If we do this repeatedly then we create a cycle of cooling and heating, as illustrated by the solid line in figure 2 compared to the dashed line showing the change in temperature from program 4.

Program 5 demonstrates the effect of repeated annealing with ten rounds of fifty steps each, instead of one round of five hundred, reducing the initial temperature and step length to ninety percent of their current values after each of them.

Program 5: Repeated Annealing

Whilst this is certainly an improvement, we now have to choose an appropriate value for the cooling rate during a round of annealing and one for the rate between them.

Choosing The Settings

Unfortunately, the effectiveness of simulated annealing doesn't only depend upon the cooling rates; poor choices for the initial temperature, the step length and its rate of reduction, the number of steps per round and the number of rounds can all also significantly impact it. Even more distressing is the fact that there is no rigorous method for choosing them so that the algorithm will get close to the global minimum within a reasonable number of evaluations of the function that we are trying to minimise.
Rather than pull them from thin air, however, we can at least derive them from some more slightly tangible indicators of the algorithm's behaviour.

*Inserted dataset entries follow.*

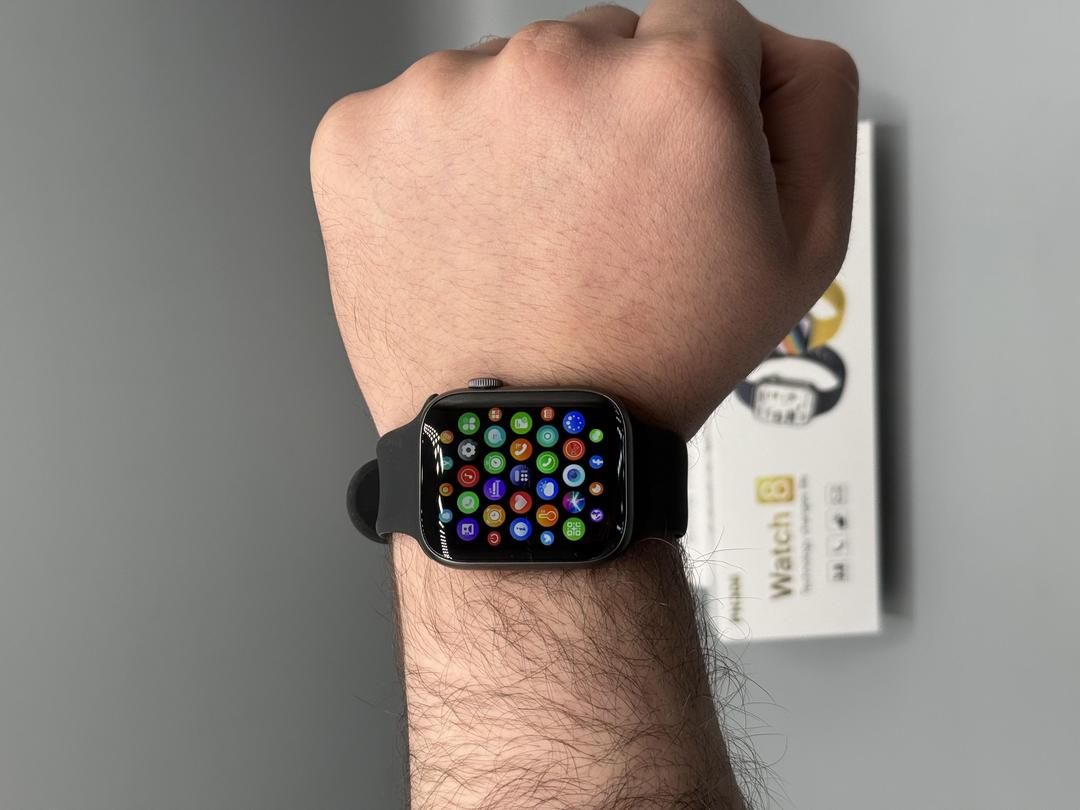 PH308 Series 8 Smartwatch | Fitness Tracker with Heart Rate, Sports & Calls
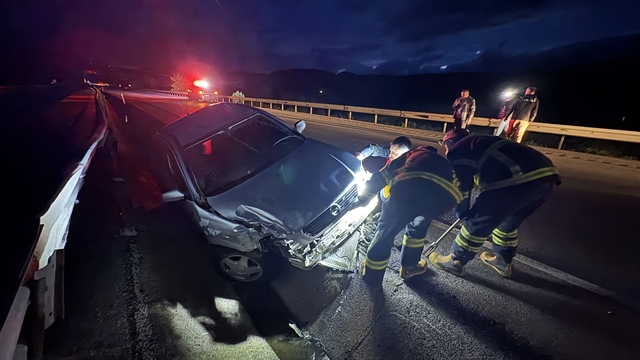 D100'de otomobil bariyerlere çarptı: 2 yaralı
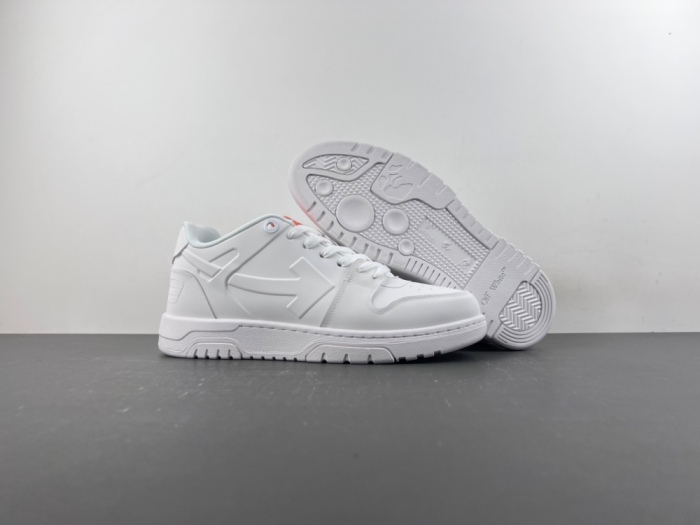 O*ff W*hite Low Tops Sneakers MK 20261027-5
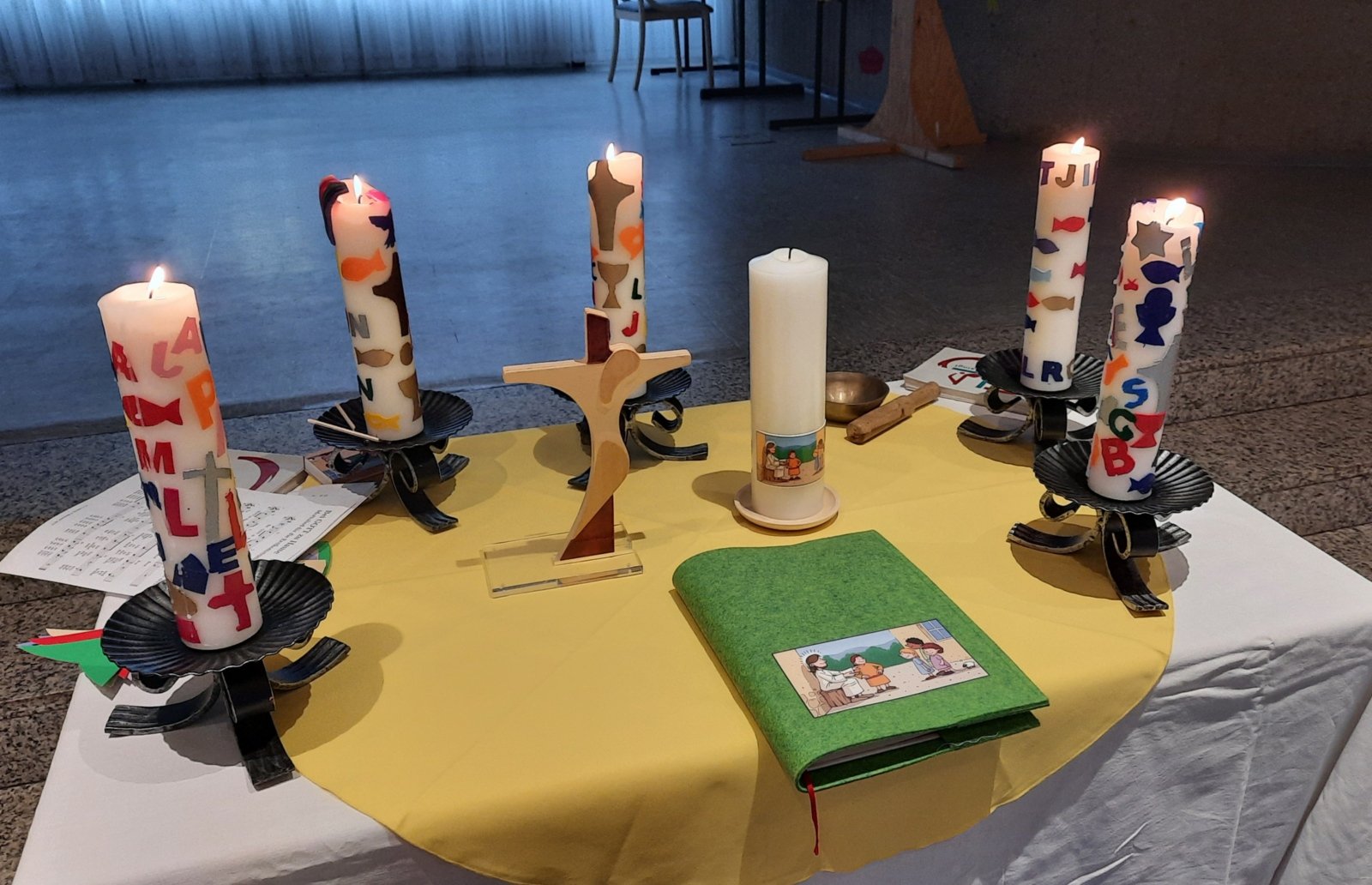 Kindergottesdienst Altar (c) Stefanie Natho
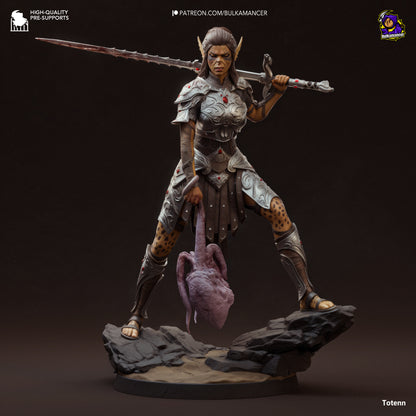 Lae'zel Statue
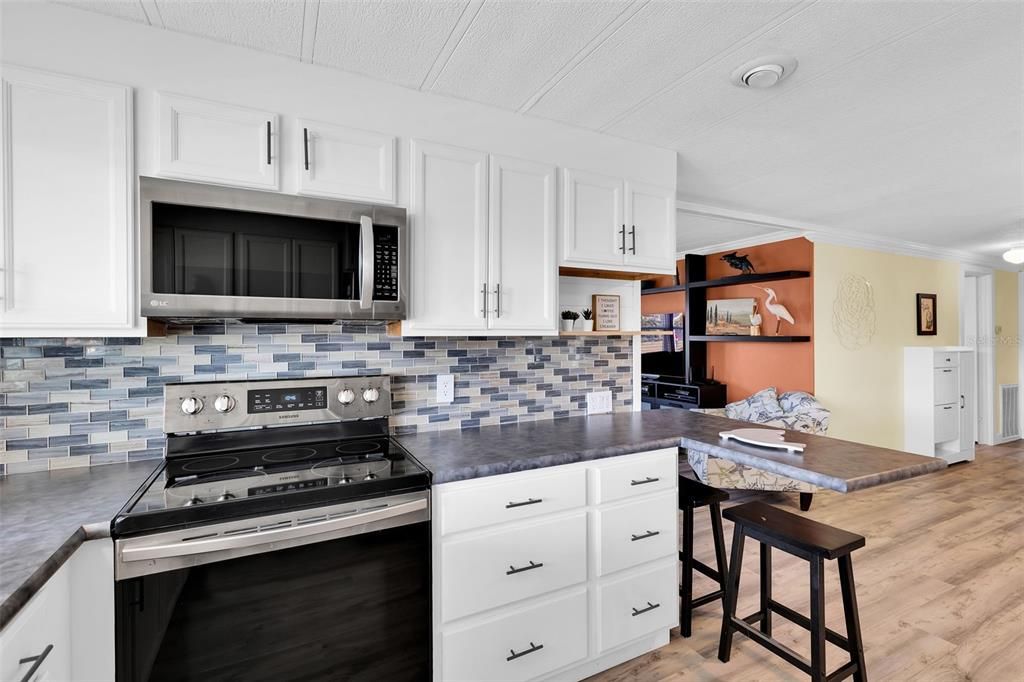 待售: $162,500 (2 贝兹, 2 浴室, 1055 平方英尺)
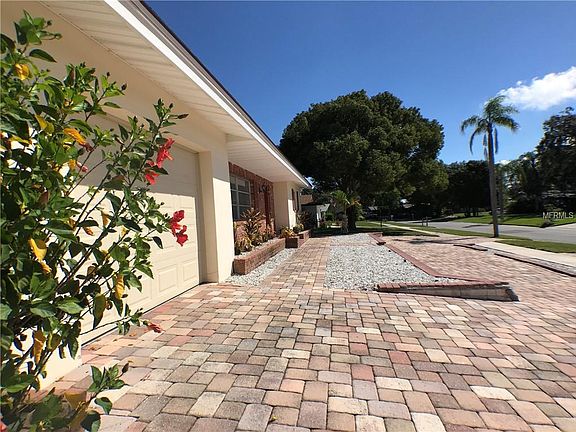 3rd image of 1678 Suffolk Dr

First of all, we need to specify how many function evaluations we can afford to make and how many rounds we want to run, which we shall call $$n^\prime$$ and $$k$$ respectively. Given these, the number of steps per round will be
$n = \bigg\lfloor\frac{n^\prime}{k}\bigg\rfloor$
where the odd shaped brackets stand for the largest integer less than or equal to the value that they enclose.
Secondly, we need to choose how far we can step away from the initial value of the starting point in the most extreme possible cases in the first and last rounds, $$D_0$$ and $$D_{k-1}$$. From this we we can compute the initial step length with
$d_0 = \frac{D_0}{n}$
and the rate at which we shrink the step length after each round with
$r^\prime_d = \left(\frac{D_{k-1}}{D_0}\right)^\tfrac{1}{k-1}$
Note that for multivariate functions we should do this separately for each element of their vector arguments.
Thirdly, we need to decide how much of an increase in the value of the function we would accept with fifty percent probability at the start of the first and last rounds, $$\Delta_0$$ and $$\Delta_{k-1}$$, from which we can derive the initial temperature $$t_0$$ with
\begin{align*} e^{-\tfrac{\Delta_0}{t_0}} &= \tfrac12\\ -\frac{\Delta_0}{t_0} &= -\ln 2\\ t_0 &= \frac{\Delta_0}{\ln 2} \end{align*}
and the cooling rate between rounds with
$r^\prime_t = \left(\frac{\Delta_{k-1}}{\Delta_0}\right)^\tfrac{1}{k-1}$
Finally, we must decide upon the increase that we would accept with fifty percent probability on the very last step of the minimisation, $$\Delta_\infty$$, with which we can calculate the cooling rate within each round by
$r_t = \left(\frac{\Delta_\infty}{\Delta_{k-1}}\right)^\tfrac{1}{n-1}$
Now I must admit that whilst I'm personally more comfortable thinking in terms of these properties of the algorithm rather than the more abstract concepts of temperature, cooling rates and such, I still have no idea how to choose them so that it will find a near globally minimal point in a reasonable number of steps.

References

[1] It's All Downhill From Here, www.thusspakeak.com, 2014.

[2] The Tripods Are Coming!, www.thusspakeak.com, 2015.

[3] The Tripods Are Here!, www.thusspakeak.com, 2015.

[4] Kirkpatrick, S., Gelatt Jr, C. & Vecchi, M., Optimization by Simulated Annealing, Science, Vol. 220, No. 4598, pp. 671-680, 1983.